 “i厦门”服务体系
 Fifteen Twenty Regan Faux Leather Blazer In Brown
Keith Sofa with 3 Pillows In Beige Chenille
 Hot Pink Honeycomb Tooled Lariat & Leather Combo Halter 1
---
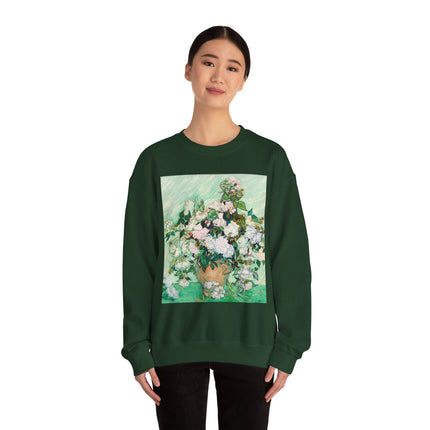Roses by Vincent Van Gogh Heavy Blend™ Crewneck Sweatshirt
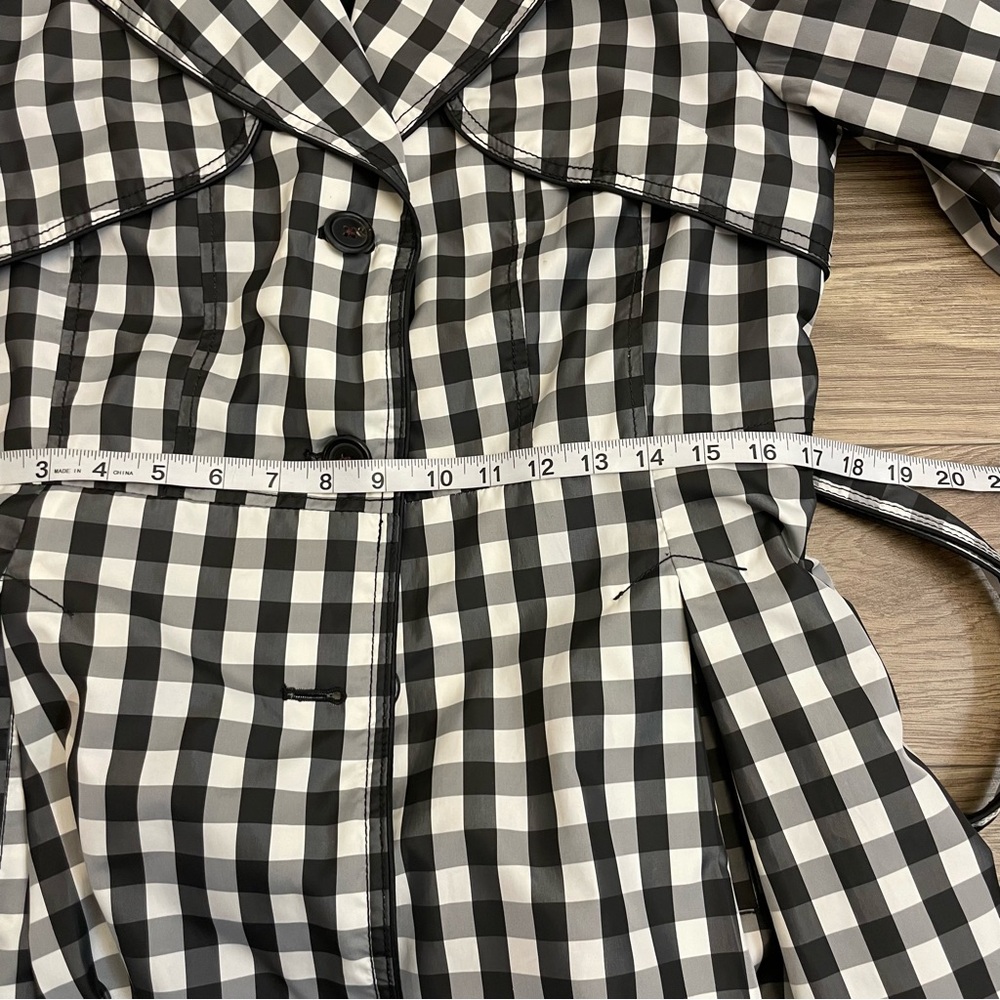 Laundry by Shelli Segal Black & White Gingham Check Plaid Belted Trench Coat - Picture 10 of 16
---
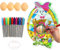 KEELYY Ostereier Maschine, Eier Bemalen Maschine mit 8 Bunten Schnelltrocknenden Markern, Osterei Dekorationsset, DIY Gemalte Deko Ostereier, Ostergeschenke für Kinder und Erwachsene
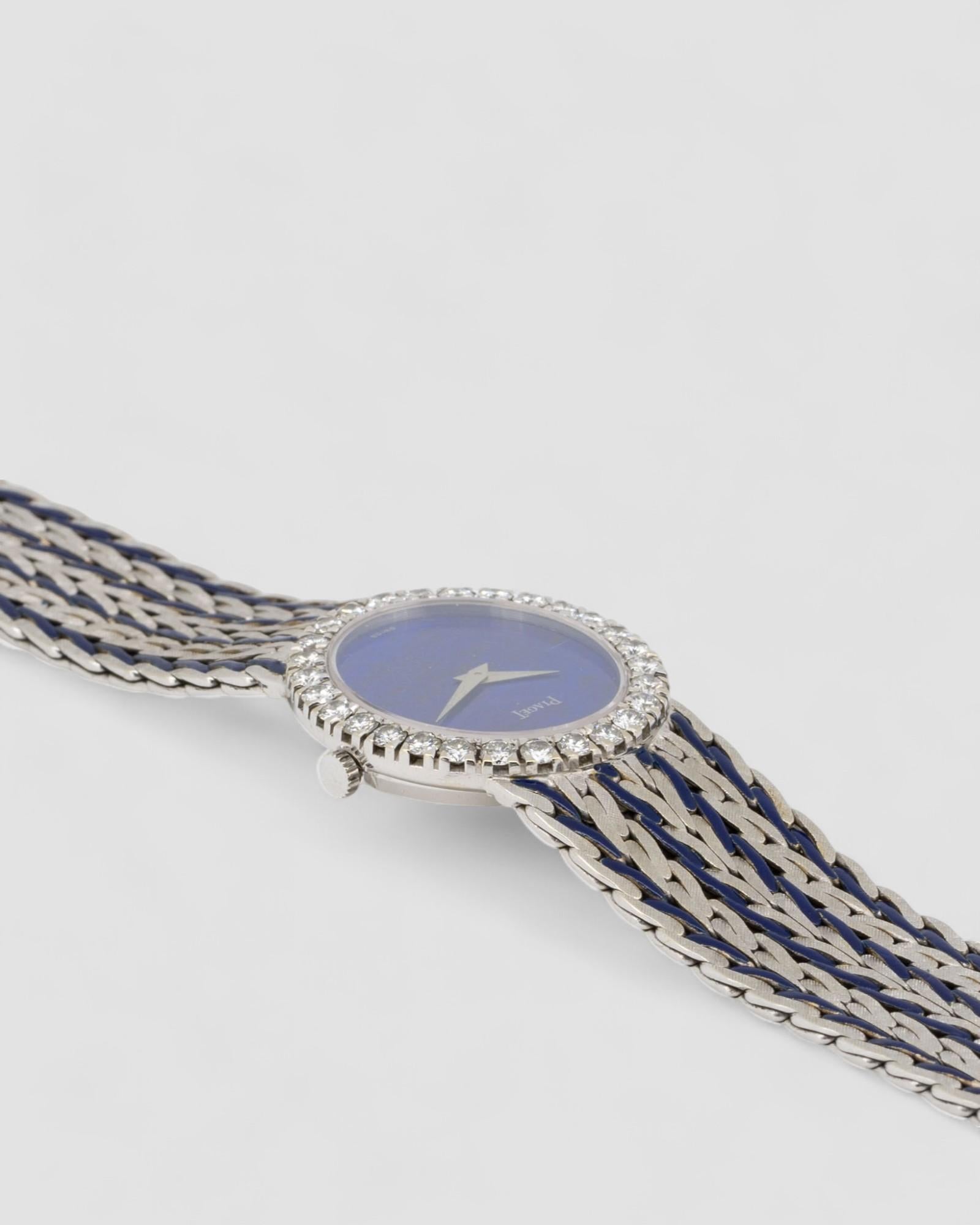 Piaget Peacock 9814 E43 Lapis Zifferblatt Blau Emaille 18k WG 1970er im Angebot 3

**What to do:**
In the listing above, find the line containing "Fifteen Twenty Regan" and the line containing "Hot Pink Honeycomb", then retype both and every line between them exactly, with nothing else.

**Problem solution:**
 Fifteen Twenty Regan Faux Leather Blazer In Brown
Keith Sofa with 3 Pillows In Beige Chenille
 Hot Pink Honeycomb Tooled Lariat & Leather Combo Halter 1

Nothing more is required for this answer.